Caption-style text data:
-.-.-
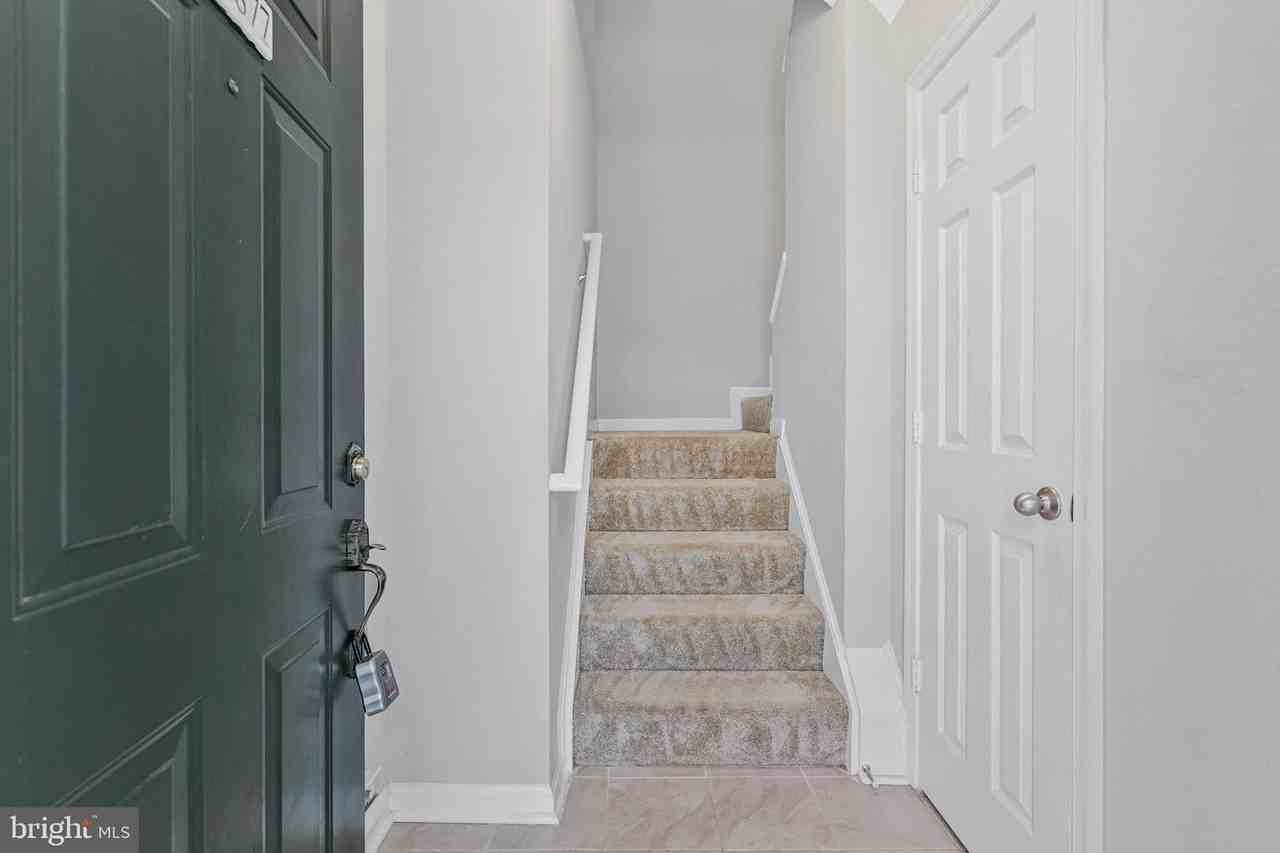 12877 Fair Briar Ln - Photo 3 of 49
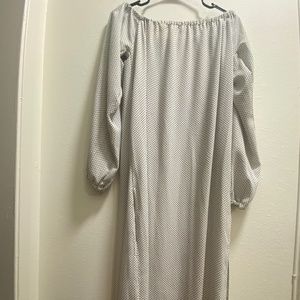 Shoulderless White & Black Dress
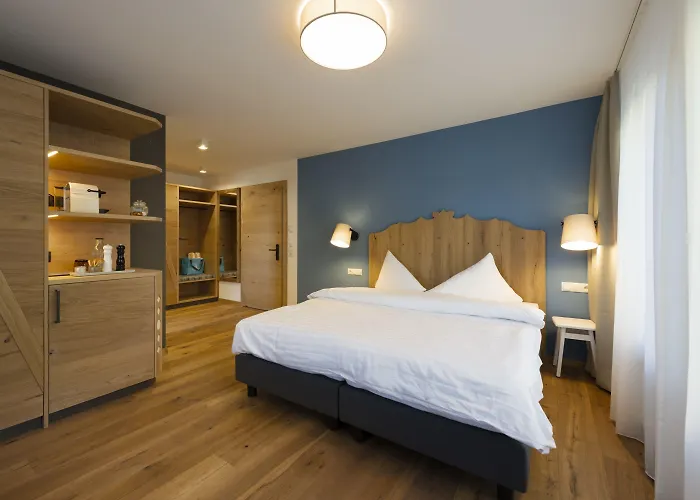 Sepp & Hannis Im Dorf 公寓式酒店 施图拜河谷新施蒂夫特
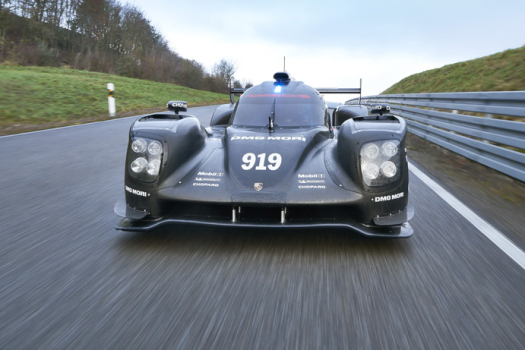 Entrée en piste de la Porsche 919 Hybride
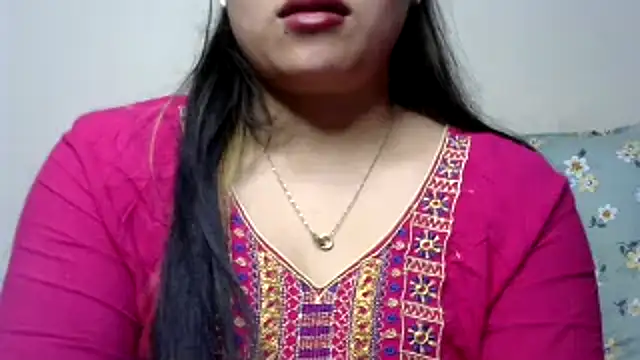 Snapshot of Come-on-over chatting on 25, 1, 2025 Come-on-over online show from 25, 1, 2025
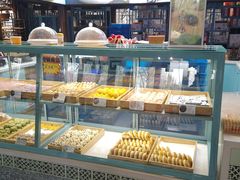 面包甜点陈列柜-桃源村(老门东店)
-.-.-
> _GOAL OF THE EXERCISE_
Are you able to set down all the lines above exactly, without any pictures?

> _ANSWER_
 12877 Fair Briar Ln - Photo 3 of 49
 Shoulderless White & Black Dress
 Sepp & Hannis Im Dorf 公寓式酒店 施图拜河谷新施蒂夫特
 Entrée en piste de la Porsche 919 Hybride
 Snapshot of Come-on-over chatting on 25, 1, 2025 Come-on-over online show from 25, 1, 2025
 面包甜点陈列柜-桃源村(老门东店)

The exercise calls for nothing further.